Remember that in the culture of the time the dead were buried right away, the day they died. And so I would wonder why the man was listening to Jesus in the first place instead of being with his family if his father had just died?

You see many commentators feel that what the man was saying was “I will follow you once my father is gone.” And he may not even of been sick, but to this man his priority was to take care of his earthly responsibilities first. And while that may seem noble it isn’t if it interferes with your commitment to God.

My children know what my wishes are for when I die. And I really hope that they do what I want, not that I will be able to do anything about it if they don’t.

But I don’t expect them to put their lives on hold until I die so they can fulfill their obligation and I would never want that obligation to stand in the way of their being obedient to God’s will in their lives.

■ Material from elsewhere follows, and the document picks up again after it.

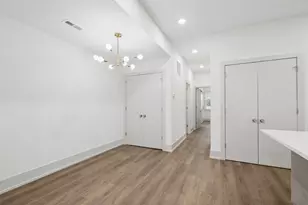 2719 W St Georges Ct, Chicago, IL 60647 - Photo 7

And you have to understand that God will never call you to do something that will be detrimental to your family but you have to trust him. That’s why Jesus said in Matthew 6:33 Seek the Kingdom of God above all else, and live righteously, and he will give you everything you need.

The Kingdom needs to be your priority and there needs to be an urgency there that can’t be put off. We probably aren’t begging off serving Christ in order to bury a parent but what is there that stands in your way of being 100% sold out to Jesus?

“First let me establish my career.” “First let me retire” “First let me finish high school” or “First let me raise my family.” Maybe what we are saying is what Augustine said in his prayer “Lord make me good, but not yet.”

So what happened to these two men? We don’t know. The assumption is that the words of Christ turned them away. But we don’t know that, maybe we are projecting what our response would be to Christ.

But perhaps they took the words of Christ to heart, surrendered their possessions and their priorities and followed Jesus. But bottom line is this: Today it doesn’t matter what their response was but it will matter for eternity what your response is.

How will you spend your money and how will you spend your time? Nobody can make that decision but you and nobody will be held responsible for that decision but you.